TASK TO CARRY OUT: Set down, exactly as written, the line containing "Mellany online show" and all the lines that follow it to the end of the entries below, omitting every picture.

Excerpts from a dataset:
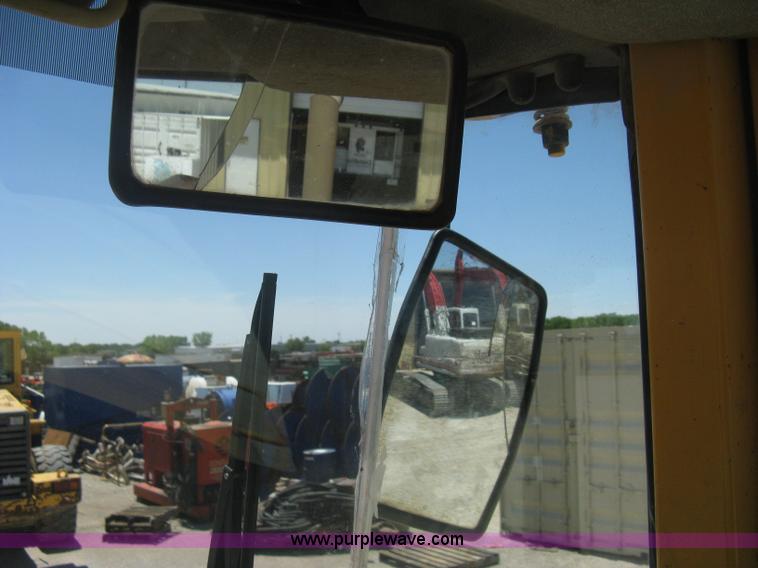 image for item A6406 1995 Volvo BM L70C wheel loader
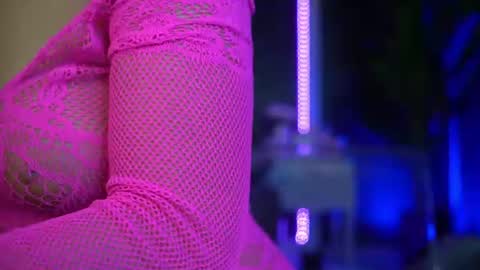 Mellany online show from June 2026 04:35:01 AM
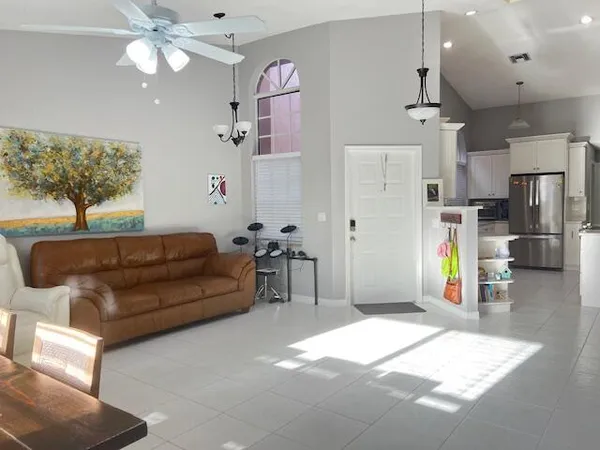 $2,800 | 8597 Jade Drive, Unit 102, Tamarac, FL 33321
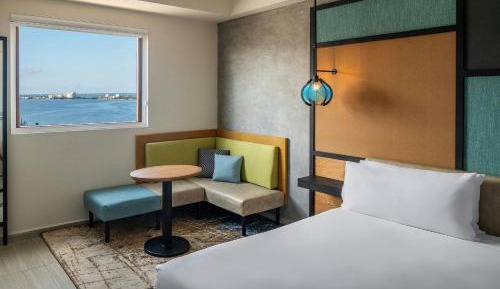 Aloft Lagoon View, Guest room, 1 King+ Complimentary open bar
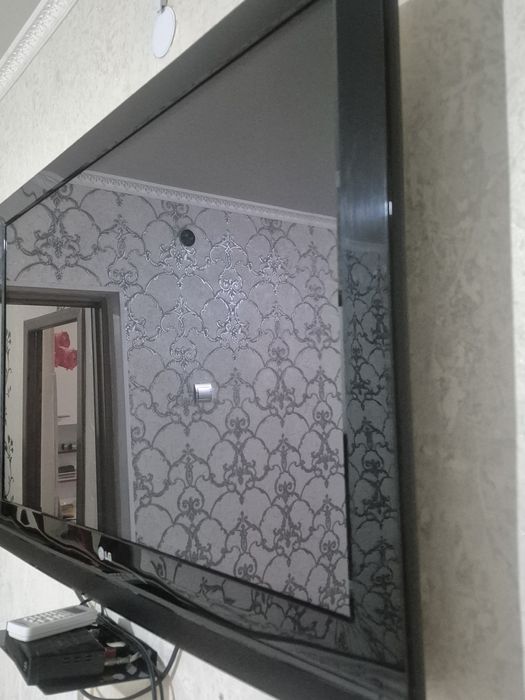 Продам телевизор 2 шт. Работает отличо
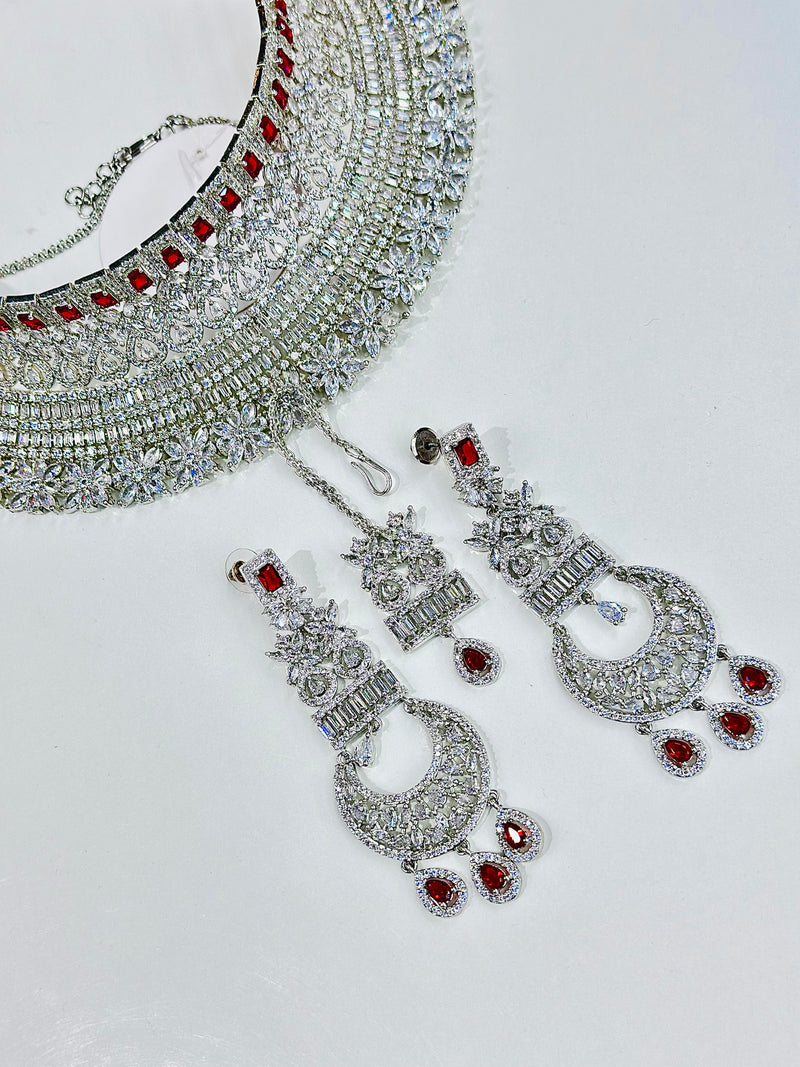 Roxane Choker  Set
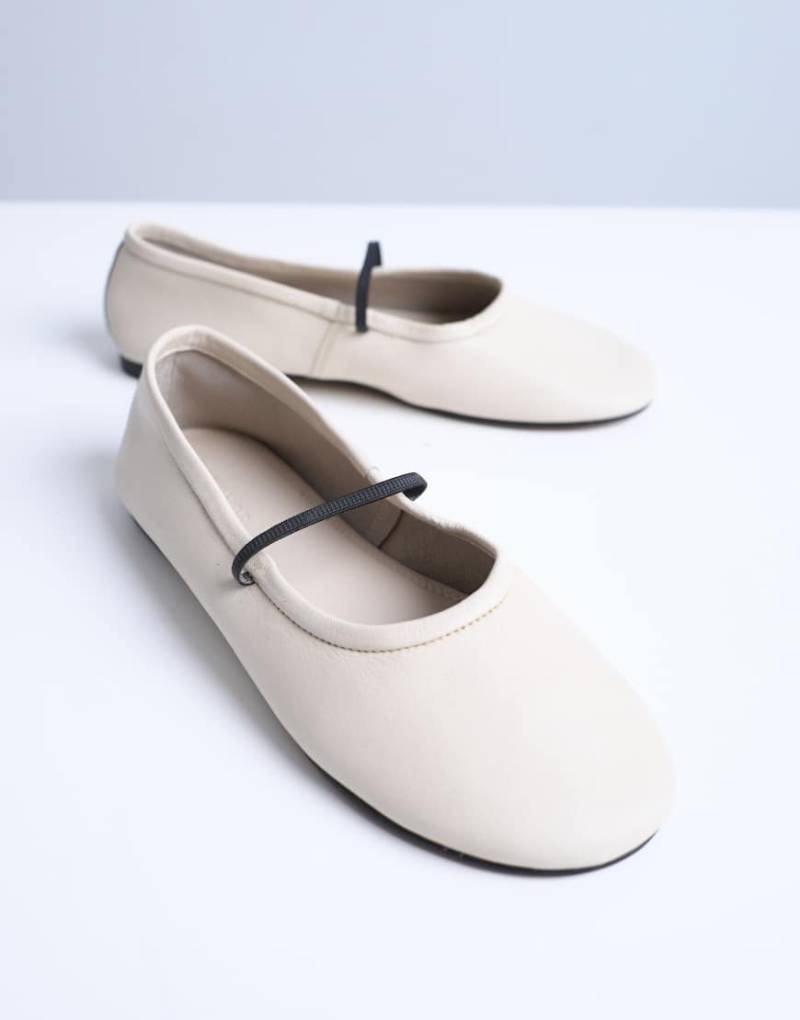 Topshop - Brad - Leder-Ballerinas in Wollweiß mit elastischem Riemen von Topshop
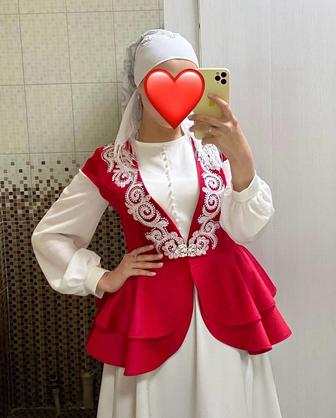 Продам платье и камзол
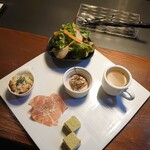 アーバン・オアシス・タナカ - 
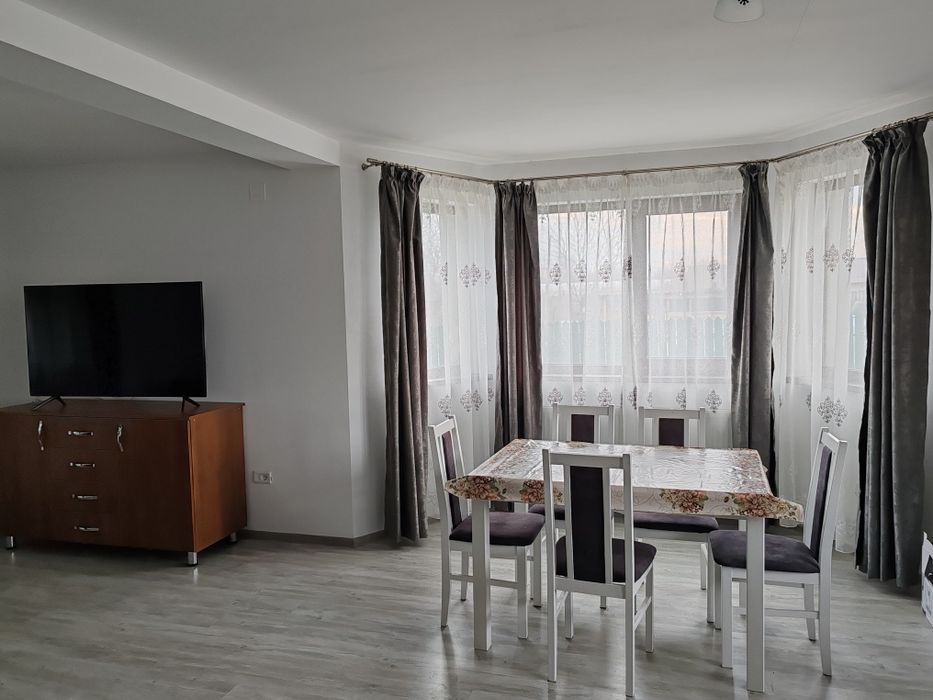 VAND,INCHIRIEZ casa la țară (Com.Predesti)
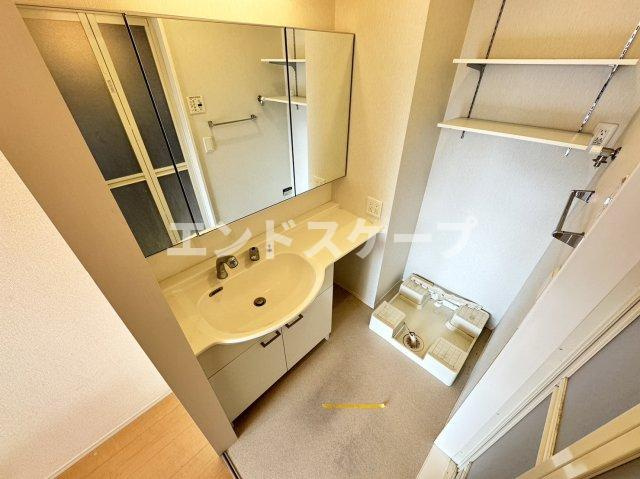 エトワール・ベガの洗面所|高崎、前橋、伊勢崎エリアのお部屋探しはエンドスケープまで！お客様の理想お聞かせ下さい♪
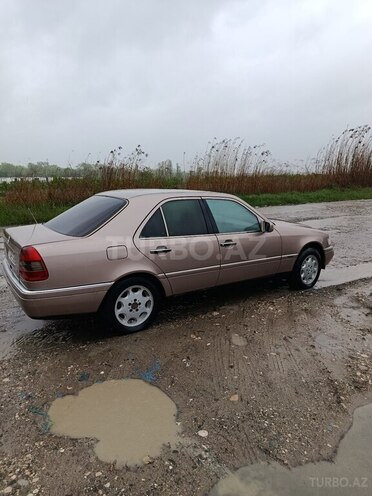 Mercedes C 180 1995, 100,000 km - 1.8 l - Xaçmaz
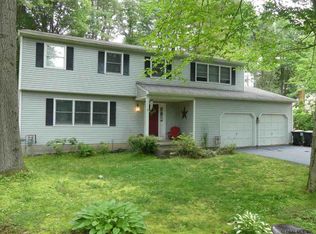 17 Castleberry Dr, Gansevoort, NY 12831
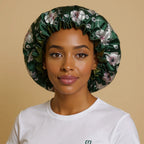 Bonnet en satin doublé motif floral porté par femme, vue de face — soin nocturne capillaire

EXPECTED ANSWER:
 Mellany online show from June 2026 04:35:01 AM
 $2,800 | 8597 Jade Drive, Unit 102, Tamarac, FL 33321
 Aloft Lagoon View, Guest room, 1 King+ Complimentary open bar
 Продам телевизор 2 шт. Работает отличо
 Roxane Choker  Set
 Topshop - Brad - Leder-Ballerinas in Wollweiß mit elastischem Riemen von Topshop
 Продам платье и камзол
 アーバン・オアシス・タナカ - 
 VAND,INCHIRIEZ casa la țară (Com.Predesti)
 エトワール・ベガの洗面所|高崎、前橋、伊勢崎エリアのお部屋探しはエンドスケープまで！お客様の理想お聞かせ下さい♪
 Mercedes C 180 1995, 100,000 km - 1.8 l - Xaçmaz
 17 Castleberry Dr, Gansevoort, NY 12831
 Bonnet en satin doublé motif floral porté par femme, vue de face — soin nocturne capillaire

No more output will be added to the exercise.